School of Computer Science – JLR Challenge #4 Technical Workshop
Mining Git Repositories with PyDriller – Part I: Understanding Git and Repository Mining Basics (1st Offering)
Mehedi Hasan Shanto
Date: Tuesday, October 28th, 2025
Time: 3:00 PM
Location: Workshop Space, 4th Floor - 300 Ouellette Ave., School of Computer Science Advanced Computing Hub
Abstract:
This workshop provides a hands-on introduction to mining and analyzing software repositories using PyDriller, a Python framework that simplifies access to Git data. Participants will first explore how Git records the evolution of software projects through commits, authors, timestamps, and code changes. The session will then demonstrate how PyDriller converts raw commit logs into structured, analyzable Python objects—making it easier to extract insights such as developer activity, commit frequency, and project evolution patterns.
Through interactive examples, attendees will learn how to connect to a GitHub repository, traverse commit histories, and extract essential metadata for software analytics. The workshop will emphasize the importance of version control data in empirical software engineering, showcasing how it can be used to support research, automate reporting, and drive evidence-based development practices. This first session sets the stage for deeper repository analysis on Day 2, where participants will move from basic mining to advanced metrics and developer behavior analytics.
Workshop Outline:
1. Introduction to Repository Mining
- Why studying version control data matters
- Applications in research and industry
2. Git Fundamentals
- How Git tracks code history and collaboration
- Key commands and underlying concepts
3. Introduction to PyDriller
- Overview, installation, and core capabilities
- Understanding commits, authors, and metadata
4. Hands-on Demonstration
- Connecting to a repository
- Extracting commit messages, authors, and timestamps
5. Interactive Exercise & Discussion
- Running PyDriller on real repositories
- Exploring developer activity patterns
6. Wrap-Up & Next Steps
- Key takeaways and preview of advanced analysis in Part II
Prerequisites:
Basic understanding of Python programming and familiarity with Git concepts.

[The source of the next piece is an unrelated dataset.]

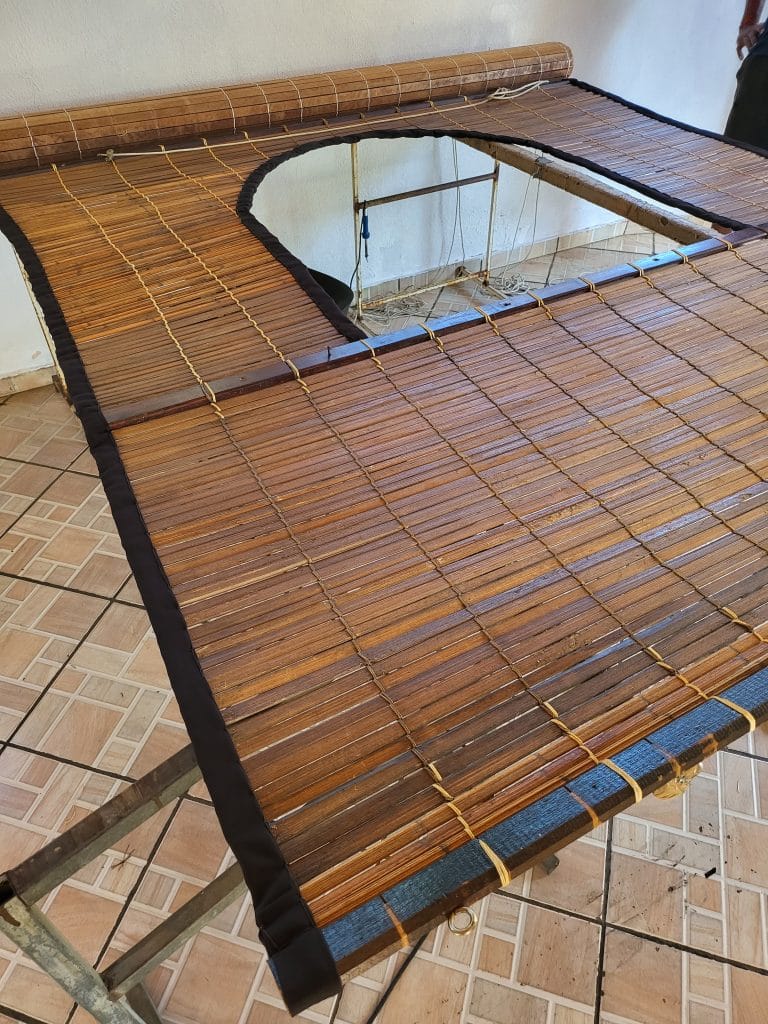 Store mauricien avec ouverture en cours de rénovation dans l'atelier Store Péi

Participants should have access to Jupyter Notebook or Google Colab for the live demo.
Biography:
Mehedi Hasan Shanto is a Ph.D. student in the School of Computer Science at the University of Windsor, specializing in software engineering, large language models (LLMs), and repository mining. His research focuses on understanding how AI and empirical methods can evaluate, predict, and automate software development activities. He has experience working with GitHub data, software analytics, and LLM-based evaluation frameworks. Shanto’s passion lies in bridging the gap between software repository data and intelligent automation, helping developers and researchers turn raw version control history into actionable insights.